È tagliente la vita nelle sue profusioni, negli ingannevoli salti nella gioia e nella pace. La leggerezza parla molte lingue a volte amare. È levità che incanta e poi ferisce aiutandoci ad entrare nel porto della maturità.

L'ingresso nella maturità è considerato un arrivo e una fine, una meta assoluta. In parte lo è se inteso come fase della vita. Un traguardo non è mai il fine, ma un nuovo modo di orientare le vele nel peregrinaggio sugli abissi. Il mendico continua ad essere tale ma con una maggiore consapevolezza che gli consente di andare oltre e di non ristare sulle cose. Quando si affastellano le esperienze vissute, l'odore dei ricordi va oltre la poeticità emozionale, permettendo all'anima di denudare gli eventi e lasciar cadere la loro leggiadria. E allora succede che quanto ritenuto gioioso assume fattezze di irrisolto senso e quanto invece era sembrato tenebroso acquista una luce bella a vedersi. Lo stesso dicasi per ciò che era scivolato negli occhi per la sua morbidezza e levità, di colpo compreso nella sua ruvidezza.

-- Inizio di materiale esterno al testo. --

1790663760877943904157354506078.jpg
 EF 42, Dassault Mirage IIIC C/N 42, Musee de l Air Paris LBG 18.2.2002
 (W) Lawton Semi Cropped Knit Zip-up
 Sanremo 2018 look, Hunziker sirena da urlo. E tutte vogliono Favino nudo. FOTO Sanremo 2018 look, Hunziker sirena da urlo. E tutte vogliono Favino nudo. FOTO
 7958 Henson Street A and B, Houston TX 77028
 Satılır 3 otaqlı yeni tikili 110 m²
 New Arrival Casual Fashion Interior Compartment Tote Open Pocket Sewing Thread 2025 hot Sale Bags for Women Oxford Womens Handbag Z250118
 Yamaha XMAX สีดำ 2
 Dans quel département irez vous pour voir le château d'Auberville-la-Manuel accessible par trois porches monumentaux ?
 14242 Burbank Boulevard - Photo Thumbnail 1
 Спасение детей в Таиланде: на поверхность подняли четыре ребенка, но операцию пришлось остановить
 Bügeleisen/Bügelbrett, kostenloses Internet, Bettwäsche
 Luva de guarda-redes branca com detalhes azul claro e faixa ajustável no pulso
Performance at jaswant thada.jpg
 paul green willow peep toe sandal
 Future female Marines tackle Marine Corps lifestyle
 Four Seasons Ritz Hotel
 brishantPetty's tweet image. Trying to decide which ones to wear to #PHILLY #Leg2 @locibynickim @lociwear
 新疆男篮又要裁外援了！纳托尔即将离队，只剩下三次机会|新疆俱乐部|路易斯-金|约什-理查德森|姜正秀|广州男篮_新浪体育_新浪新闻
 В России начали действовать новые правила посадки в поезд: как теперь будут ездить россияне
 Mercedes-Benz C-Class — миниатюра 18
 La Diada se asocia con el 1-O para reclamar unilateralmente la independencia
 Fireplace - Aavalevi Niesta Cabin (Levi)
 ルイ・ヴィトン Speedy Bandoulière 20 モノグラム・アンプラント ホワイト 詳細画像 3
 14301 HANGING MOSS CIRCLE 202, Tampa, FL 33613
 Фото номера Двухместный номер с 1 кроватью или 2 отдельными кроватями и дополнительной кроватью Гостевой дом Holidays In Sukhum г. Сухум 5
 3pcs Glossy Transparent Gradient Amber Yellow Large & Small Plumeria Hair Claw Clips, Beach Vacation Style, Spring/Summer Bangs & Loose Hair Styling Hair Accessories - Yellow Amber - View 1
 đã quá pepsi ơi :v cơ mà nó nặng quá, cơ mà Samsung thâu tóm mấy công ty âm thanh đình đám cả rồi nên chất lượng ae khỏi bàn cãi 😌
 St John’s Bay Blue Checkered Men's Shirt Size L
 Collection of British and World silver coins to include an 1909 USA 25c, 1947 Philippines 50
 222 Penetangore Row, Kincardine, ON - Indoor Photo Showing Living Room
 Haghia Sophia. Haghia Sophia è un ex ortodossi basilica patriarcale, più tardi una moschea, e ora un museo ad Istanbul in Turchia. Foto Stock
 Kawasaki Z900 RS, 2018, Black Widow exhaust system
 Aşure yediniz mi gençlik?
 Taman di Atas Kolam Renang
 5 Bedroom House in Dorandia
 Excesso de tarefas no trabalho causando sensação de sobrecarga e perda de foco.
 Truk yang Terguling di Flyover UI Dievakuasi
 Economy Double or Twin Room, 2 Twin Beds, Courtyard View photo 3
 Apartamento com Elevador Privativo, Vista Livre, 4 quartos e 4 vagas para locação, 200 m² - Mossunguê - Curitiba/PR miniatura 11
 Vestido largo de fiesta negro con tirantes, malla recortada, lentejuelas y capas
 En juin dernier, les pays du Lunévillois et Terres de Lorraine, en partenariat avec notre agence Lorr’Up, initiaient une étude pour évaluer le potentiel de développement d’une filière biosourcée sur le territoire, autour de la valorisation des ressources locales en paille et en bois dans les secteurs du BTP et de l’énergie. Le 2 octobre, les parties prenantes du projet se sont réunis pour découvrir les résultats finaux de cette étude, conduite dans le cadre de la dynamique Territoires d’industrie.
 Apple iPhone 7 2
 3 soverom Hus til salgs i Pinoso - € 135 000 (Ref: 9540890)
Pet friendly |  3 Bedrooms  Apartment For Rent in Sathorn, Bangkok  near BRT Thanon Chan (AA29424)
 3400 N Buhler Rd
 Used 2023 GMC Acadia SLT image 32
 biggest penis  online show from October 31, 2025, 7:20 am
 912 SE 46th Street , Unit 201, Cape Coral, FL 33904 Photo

La malinconica presenza del tempo che fluisce depositando segni, si scopre avere una musicalità prima disconosciuta, la stessa che avvertiamo al tatto in un'opera intarsiata e scolpita. Ciò che siamo conferisce levigatezza al tutto, che si traduce in armonia. La maturità allora è la capacità che si acquisisce e permette di smussare angoli e colmare crepe. Come fa il sole giocherellone e un pò birbone tra le nubi. Con le ombre che sposta e dirige. Con le cose a volte fatte splendere e danzare nella luce, altre volte incrostate di crepe e inaridite come piante stanche di essere e di subire.
Nel ciclo della vita si va fin dove il corso delle cose lo permette. Il male che era, si comprende che è sempre stato Bene incompreso e che solo il senso che noi diamo alle cose ci permette di farci da loro attraversare per dentro di noi ristare.